The use of artificial intelligence in finance is fundamentally changing the way money managers build investment strategies and at great speed — but it comes with it’s own set of risks, experts warn. 
While the integration of technology in trading has long been established, AI now gives money managers the ability to create codes themselves through data that would have otherwise taken months to gather. 
“Right now, there’s a software that can get you all the fundamental, social and technical analysis of 66,000 stocks within seconds. In a firm without AI, that would take an army of analysts,” Jon Najarian, co-owner of Market Rebellion, told in an interview on Tuesday.   
Najarian argued that this data is invaluable as it informs investment decisions which would have otherwise been impossible to make with this much accuracy and speed. 
“I don’t know any active traders at this point who aren’t using artificial intelligence, it’s magical,” he said. 
One downside to this technology is the risk of job losses, Najarian acknowledged. 
Another expert believes there’s more than just unemployment on the line. 
“In a sense, markets move because two people have different positions and outlooks. If AI generated investment strategies all come to the same conclusions, that kills trading,” Bill Blain, market strategist at Shard Capital, said.
Blain also pointed to the possibility of massive market swings should a large amount of money follow only one direction. 

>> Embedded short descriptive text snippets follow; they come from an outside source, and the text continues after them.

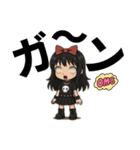 バンギャルさん達のシンプルスタンプ03（個別スタンプ：4）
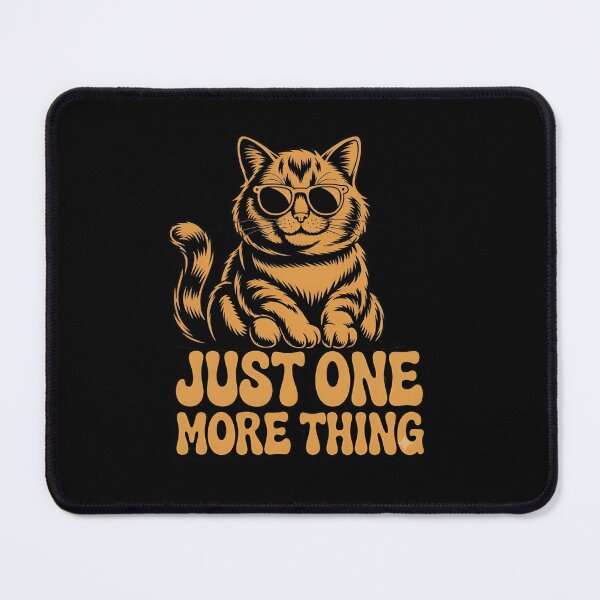 Item preview, Just One More Thing Cat Minimalist Quote T‑Shirt & Sticker | Simple Funny Cat designed and sold by ZyxDes.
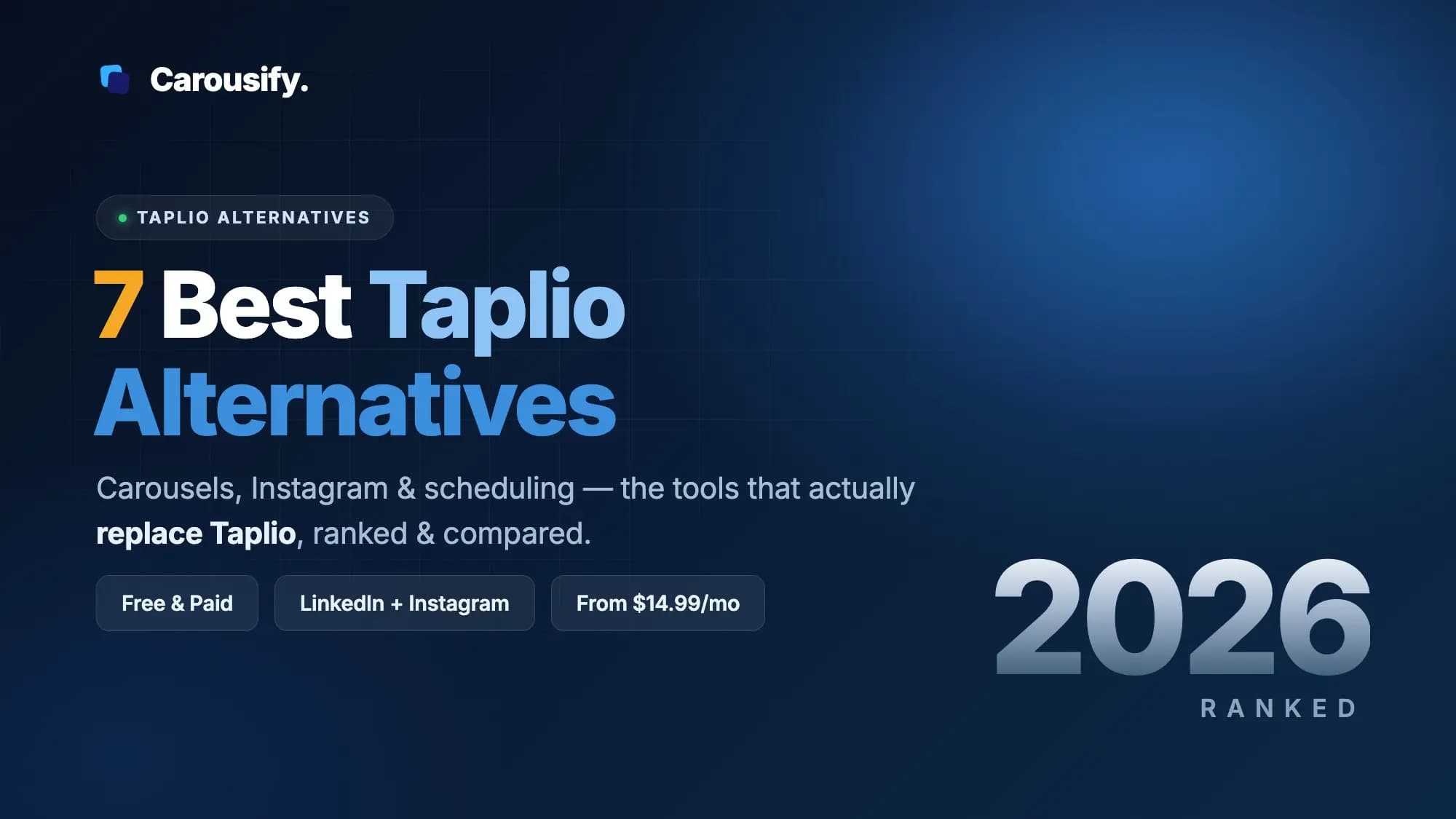 7 Best Taplio Alternatives in 2026 (Free & Paid)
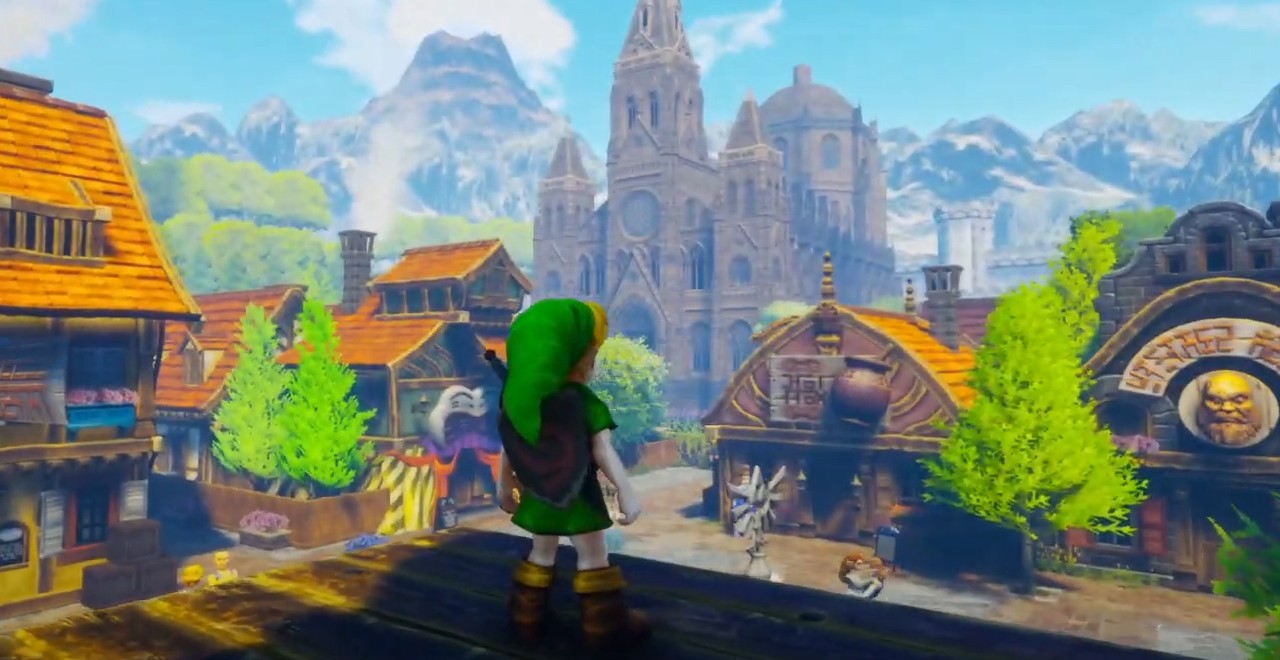 Fan Made Zelda Link's Awakening Being Remade Using Ocarina Of Time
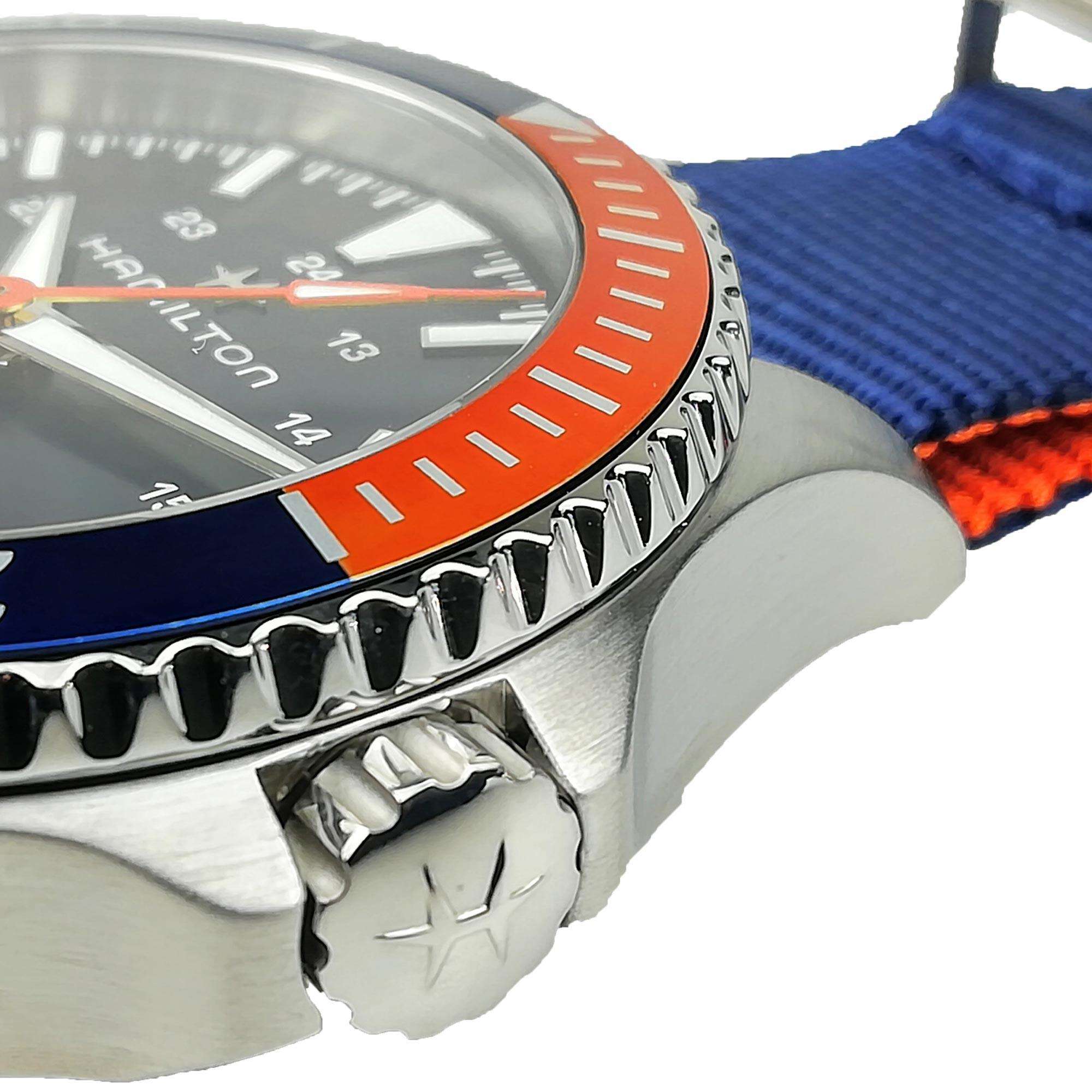 Hamilton Khaki Navy 40mm Blue Dial NATO Mens Automatic Watch H82365941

“If every retail investor ends up using AI trading systems to inform their strategies – expecting to make easy and imagined cryptocurrency returns, what will likely happen is a very sizeable amount of retail money will be moving in the same direction and this will result in much less market liquidity,” he added. 
Sophisticated and institutional investors, however, will stand to benefit, but only to a certain extent, he cautioned. 
“No matter how much data an AI collects it will never do more than give a probability of an outcome. Even an AI with a brain the size of a planet can no more see the future than a gypsy crystal ball can,” he said. 
“You can never fully trust machine learning as there will always be unanticipated black swan events. This will leave traders who build most of their investment strategies and behaviour from AI driven predictions vulnerable,” Blain noted. 
Despite the uncertainty, the efficiency and speed of AI is now integrated into finance and has only begun, Michele Schneider, director of trading education and chief strategist for, told 
“The biggest impact artificial intelligence is having on money managers is allowing them to work exponentially faster and test out financial models with limitless variables through coding — this is something we’ve never seen before,” she explained.  
The trick is, the technology must be asked the right questions to deliver standout results, she added. 
"Now that there are endless data points available to work into an investment strategy, the codes will become more complex and the trading landscape will be more competitive, Schneider said.